> [THE PROBLEM]
Write out the line with "Silver Foil on Metal Ship Sculpture by Manuel: Silver" and each line after it to the end of the material, exactly as they appear and with nothing else.

Top of EXTRACTED ENTRIES

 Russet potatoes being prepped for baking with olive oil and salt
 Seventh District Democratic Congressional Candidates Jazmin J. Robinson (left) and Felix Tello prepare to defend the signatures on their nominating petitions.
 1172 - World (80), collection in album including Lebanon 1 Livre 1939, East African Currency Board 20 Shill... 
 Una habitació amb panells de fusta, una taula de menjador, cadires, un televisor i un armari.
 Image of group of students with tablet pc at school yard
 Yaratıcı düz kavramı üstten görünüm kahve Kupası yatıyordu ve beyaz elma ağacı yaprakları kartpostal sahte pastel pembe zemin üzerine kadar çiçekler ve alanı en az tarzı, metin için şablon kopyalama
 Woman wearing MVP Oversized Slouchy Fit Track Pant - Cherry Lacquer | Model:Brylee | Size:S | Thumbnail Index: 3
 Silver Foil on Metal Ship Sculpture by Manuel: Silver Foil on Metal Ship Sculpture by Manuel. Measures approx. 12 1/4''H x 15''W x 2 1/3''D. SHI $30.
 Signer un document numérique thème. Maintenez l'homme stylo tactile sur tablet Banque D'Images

Bottom of EXTRACTED ENTRIES

> [RESULT FOR THIS EXERCISE]
 Silver Foil on Metal Ship Sculpture by Manuel: Silver Foil on Metal Ship Sculpture by Manuel. Measures approx. 12 1/4''H x 15''W x 2 1/3''D. SHI $30.
 Signer un document numérique thème. Maintenez l'homme stylo tactile sur tablet Banque D'Images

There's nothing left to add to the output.